I didn’t know about non-centred parameterisation / offsets/ multipliers and hierarchical models, can you recommend any good sources for reading about this? I’ve read the section in the Stan User Guide, but I’d like to understand a bit more.

I’m not too familiar with other literature introducing the concepts, so I don’t have any good recommendations here sorry.

What is a reasonable number of iterations? I’ve read that HMC’s efficiency allows lower numbers than JAGS etc., but what’s considered a reasonable amount? Will anyone (reviewers!) query using Stan’s 2k default? Do I need to go higher if the model is already performing well?

In most cases 2000 iterations will be sufficient, as long as the sampling diagnostics are satisfied. You want enough iterations to have sufficiently explored the posterior, as well as stable sampling diagnostics. The R-hat statistic across multiple chains gives you an indication of whether the posterior has been explored (but only an indication). This is supplemented by the effective sample size statistics, which (to put it very roughly) gives you an estimate of the number of iterations that provided ‘new’ information about the posterior.

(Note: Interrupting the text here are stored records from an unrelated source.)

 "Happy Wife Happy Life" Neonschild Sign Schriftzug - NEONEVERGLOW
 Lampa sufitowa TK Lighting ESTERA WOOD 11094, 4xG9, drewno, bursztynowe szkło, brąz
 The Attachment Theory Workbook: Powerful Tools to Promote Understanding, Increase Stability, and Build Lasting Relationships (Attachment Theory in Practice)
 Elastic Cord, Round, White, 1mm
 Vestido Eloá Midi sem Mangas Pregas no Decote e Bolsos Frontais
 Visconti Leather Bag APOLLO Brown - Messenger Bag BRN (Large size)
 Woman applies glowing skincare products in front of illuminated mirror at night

So it’s more about these diagnostics rather than a rule-of-thumb number.

Depending on the complexity/runtime of the model, it can also be a good idea to try running a model with an increased number of iterations (e.g., double) to see if the estimates or diagnostics change due to a previously-unexplored area of the posterior

1 Like

Thanks so much for your help, @andrjohns !

Chiming in to offer another reference on the non-centered parameterisation. The case study by @betanalpha is a pretty good starting point for why/how the non-centered parameterisation works in the context of HMC. Keep in mind that the case study pre-dates the multiplier and offset syntax employed by @andrjohns code above, but the idea is pretty much the same.

I’m sure there are many (many) other references scattered about the Stan documentation, case studies and tutorials. The NCP seems to address a number of model pathologies.

2 Likes

Thanks, @jgoldberg.

Just a warning – each individual context within a hierarchal model is parameterized separately, and in general they may have to be parameterized differently to achieve optimal performance. I discuss these details in the case study linked above.

Interactions are a different beast altogether as they arise only when considering multiple factors with overlapping levels. The standard methods automated in tools like brms are only approximations, and as such they have to be handled carefully. In other words there’s a lot of complexity hiding which is harder to avoid when you starting building models on your own. For a thorough discussion of these issues with lots of example code see Impact Factor. It’s long but builds all of the concepts up piece by piece.

1 Like

Many thanks for the links @jgoldberg and @betanalpha, you’ve given me lots to read and digest! I will see how I get on.